The "pg_hba" key should contain an array of hashes, each of which will be converted into an entry in pg_hba.conf. So for example the following:

1 {"comment" : "# Data Collection",

2 "type" : "host",

3 "db" : "my_database_name",

4 "user" : "some_username",

5 "addr" : "0.0.0.0/0",

6 "method" : "md5"}

Would create the following entry in pg_hba.conf:

1 # Data Collection

2 host my_database_name some_username 0.0.0.0/0 md5

This would have the effect of allowing the user some_username to connect to my_database_name using md5 auth from any IP address. In practice this is very rarely a good idea and you’d want to specify individual IP’s or ranges who should be allowed.

Bare in mind that if you’re enabling access from external hosts, you’ll also need to add the configuring defined in “Allowing External Access” above.

Importing and Exporting Databases

PostgreSQL includes the utility pg_dump for generating an SQL dump of a database. Its options are very similar to the psql command. To generate a dump of the database test_db_1 authorising as the user test_user_1 we’d use the following command:

1 pg_dump -h 127.0.0.1 -f test1.sql -U test_user_1 test_db_1

Where the -f option is for specifying the filename to export to and the first none option argument is the database to be exported.

This file can then be imported using the following command:

1 psql -U test_user_1 -d database_to_import_to -f current.sql -h 127.0.0.1

This takes the contents of the file specified with the -f option and executes the sql contained in it on the database specified with the -d option.
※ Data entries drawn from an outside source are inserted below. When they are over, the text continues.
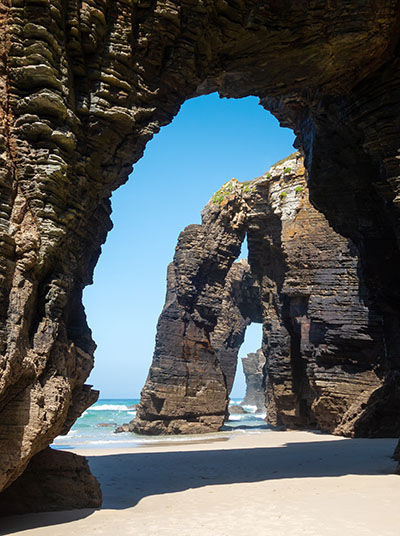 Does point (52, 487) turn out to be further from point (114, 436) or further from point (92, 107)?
point (114, 436)

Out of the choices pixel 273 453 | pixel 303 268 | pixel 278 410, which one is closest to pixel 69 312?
pixel 273 453

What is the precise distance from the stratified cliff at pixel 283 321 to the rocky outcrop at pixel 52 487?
36.7ft

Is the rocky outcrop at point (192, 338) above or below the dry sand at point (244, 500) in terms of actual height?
above

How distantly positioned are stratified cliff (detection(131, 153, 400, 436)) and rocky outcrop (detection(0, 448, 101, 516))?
11193 millimetres

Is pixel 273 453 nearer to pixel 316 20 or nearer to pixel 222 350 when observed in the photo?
pixel 316 20

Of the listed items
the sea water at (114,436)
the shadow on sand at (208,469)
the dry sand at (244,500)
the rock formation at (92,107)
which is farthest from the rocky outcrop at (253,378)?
the rock formation at (92,107)

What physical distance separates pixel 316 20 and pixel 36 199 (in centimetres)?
601

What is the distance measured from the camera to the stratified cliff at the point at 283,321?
19266mm

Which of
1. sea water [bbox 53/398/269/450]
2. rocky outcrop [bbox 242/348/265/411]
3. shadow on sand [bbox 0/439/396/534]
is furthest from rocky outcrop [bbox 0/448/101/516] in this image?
rocky outcrop [bbox 242/348/265/411]

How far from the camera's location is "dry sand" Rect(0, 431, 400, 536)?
561 cm

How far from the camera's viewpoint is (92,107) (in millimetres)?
7523

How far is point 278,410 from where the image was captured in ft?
93.1

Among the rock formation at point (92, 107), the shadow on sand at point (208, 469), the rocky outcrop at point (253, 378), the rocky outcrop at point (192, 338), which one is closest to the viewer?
the rock formation at point (92, 107)

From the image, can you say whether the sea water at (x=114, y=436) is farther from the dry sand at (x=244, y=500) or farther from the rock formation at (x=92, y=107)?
the rock formation at (x=92, y=107) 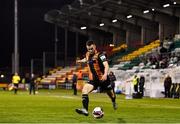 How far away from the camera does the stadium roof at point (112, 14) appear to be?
6450 centimetres

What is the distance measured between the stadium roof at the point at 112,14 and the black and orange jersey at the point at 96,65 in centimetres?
4383

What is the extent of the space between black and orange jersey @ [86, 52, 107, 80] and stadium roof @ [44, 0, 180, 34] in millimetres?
43826

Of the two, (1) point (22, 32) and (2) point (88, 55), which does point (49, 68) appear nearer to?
(1) point (22, 32)

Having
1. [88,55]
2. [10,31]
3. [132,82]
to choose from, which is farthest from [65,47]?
[88,55]

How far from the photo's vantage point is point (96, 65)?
17.2 m

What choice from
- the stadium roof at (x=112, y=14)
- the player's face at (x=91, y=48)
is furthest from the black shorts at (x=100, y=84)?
the stadium roof at (x=112, y=14)

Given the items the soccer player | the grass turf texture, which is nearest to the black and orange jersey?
the soccer player

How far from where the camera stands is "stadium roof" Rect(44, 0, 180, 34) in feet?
212

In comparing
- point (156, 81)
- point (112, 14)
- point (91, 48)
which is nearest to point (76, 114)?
point (91, 48)

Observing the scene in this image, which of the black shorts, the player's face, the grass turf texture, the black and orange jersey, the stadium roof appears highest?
the stadium roof

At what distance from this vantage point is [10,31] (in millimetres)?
84125

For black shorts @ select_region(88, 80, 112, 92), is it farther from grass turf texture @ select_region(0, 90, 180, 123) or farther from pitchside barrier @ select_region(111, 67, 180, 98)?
pitchside barrier @ select_region(111, 67, 180, 98)

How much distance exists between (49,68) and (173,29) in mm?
21043

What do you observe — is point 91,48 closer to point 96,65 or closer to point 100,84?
point 96,65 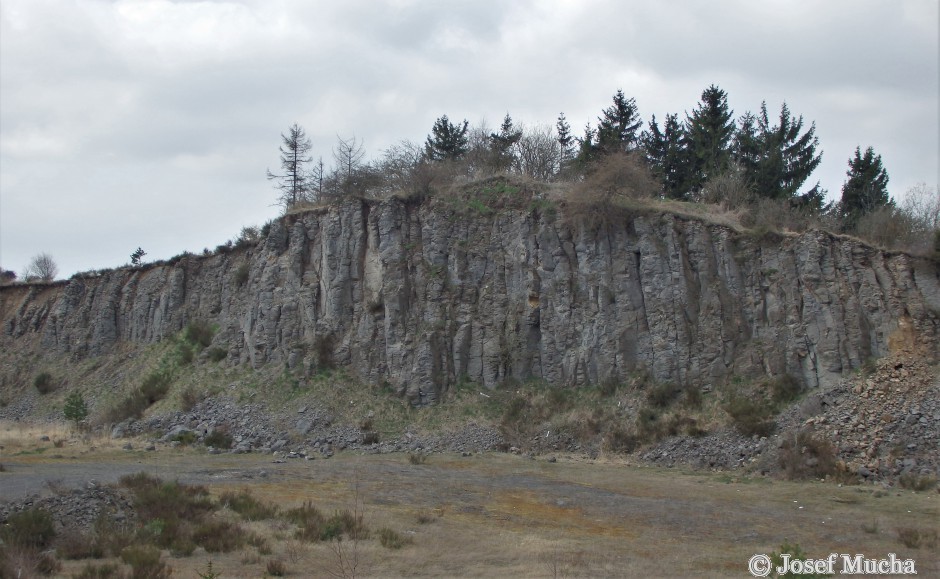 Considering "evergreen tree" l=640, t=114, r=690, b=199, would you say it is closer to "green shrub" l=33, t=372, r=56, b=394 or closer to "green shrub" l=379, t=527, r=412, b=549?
"green shrub" l=379, t=527, r=412, b=549

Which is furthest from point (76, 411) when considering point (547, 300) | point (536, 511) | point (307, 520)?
point (536, 511)

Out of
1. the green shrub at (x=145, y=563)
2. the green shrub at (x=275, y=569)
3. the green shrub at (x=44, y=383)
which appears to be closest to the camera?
the green shrub at (x=145, y=563)

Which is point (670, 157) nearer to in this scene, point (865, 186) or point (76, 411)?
point (865, 186)

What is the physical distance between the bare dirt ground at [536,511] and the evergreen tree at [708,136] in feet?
71.4

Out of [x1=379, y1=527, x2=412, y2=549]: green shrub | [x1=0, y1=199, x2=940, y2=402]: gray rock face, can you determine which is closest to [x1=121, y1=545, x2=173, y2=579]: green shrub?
[x1=379, y1=527, x2=412, y2=549]: green shrub

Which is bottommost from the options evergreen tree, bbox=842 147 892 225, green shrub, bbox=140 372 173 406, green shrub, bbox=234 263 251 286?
green shrub, bbox=140 372 173 406

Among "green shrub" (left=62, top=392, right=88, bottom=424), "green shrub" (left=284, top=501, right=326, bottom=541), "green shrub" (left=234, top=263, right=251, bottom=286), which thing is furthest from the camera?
"green shrub" (left=234, top=263, right=251, bottom=286)

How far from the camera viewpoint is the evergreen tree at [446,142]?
54312 mm

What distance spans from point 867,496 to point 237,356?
3160 centimetres

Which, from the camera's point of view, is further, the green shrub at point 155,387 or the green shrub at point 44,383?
the green shrub at point 44,383

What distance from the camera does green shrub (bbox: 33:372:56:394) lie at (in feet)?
155

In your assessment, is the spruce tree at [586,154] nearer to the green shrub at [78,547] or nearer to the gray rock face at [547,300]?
the gray rock face at [547,300]

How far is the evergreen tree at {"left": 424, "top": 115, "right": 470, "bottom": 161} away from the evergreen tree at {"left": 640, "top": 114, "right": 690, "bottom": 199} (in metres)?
14.0

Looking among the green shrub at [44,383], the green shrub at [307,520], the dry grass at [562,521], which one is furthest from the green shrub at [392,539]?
the green shrub at [44,383] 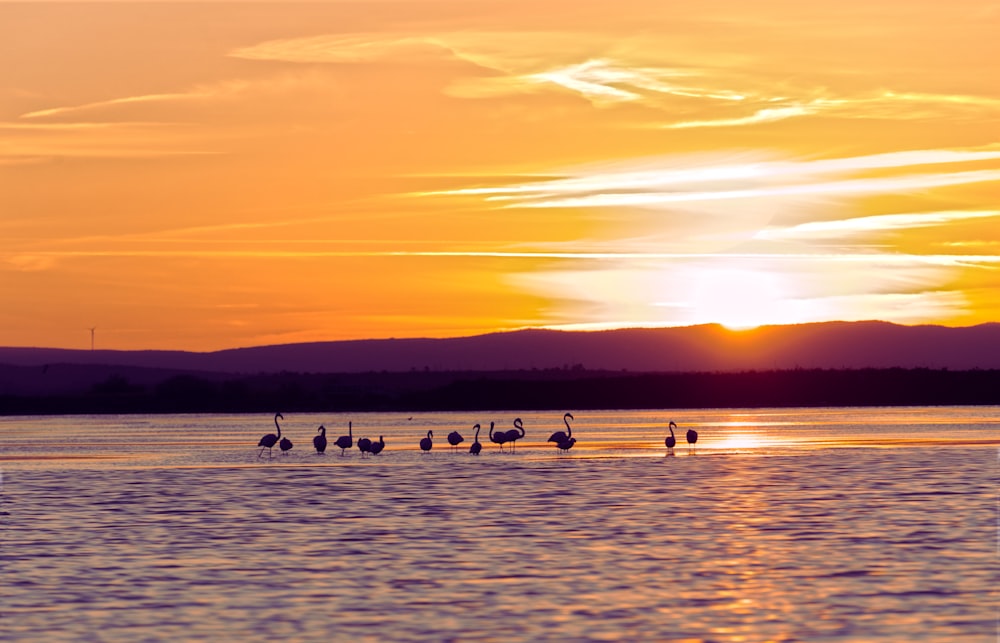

This can be used for anything from copying databases from production to development servers, migrating between servers or cloning production data to staging.

Monit

A monit configuration for postgresql is available in the monit_configs-tlq::postgres recipe:

1 check process postgresql with pidfile /var/run/postgresql/9.1-main.pid

2 start program = "/etc/init.d/postgresql start"

3 stop program = "/etc/init.d/postgresql stop"

4 if 15 restarts within 15 cycles then timeout

Note that the pid file name will change depending on the version of PostgreSQL being run.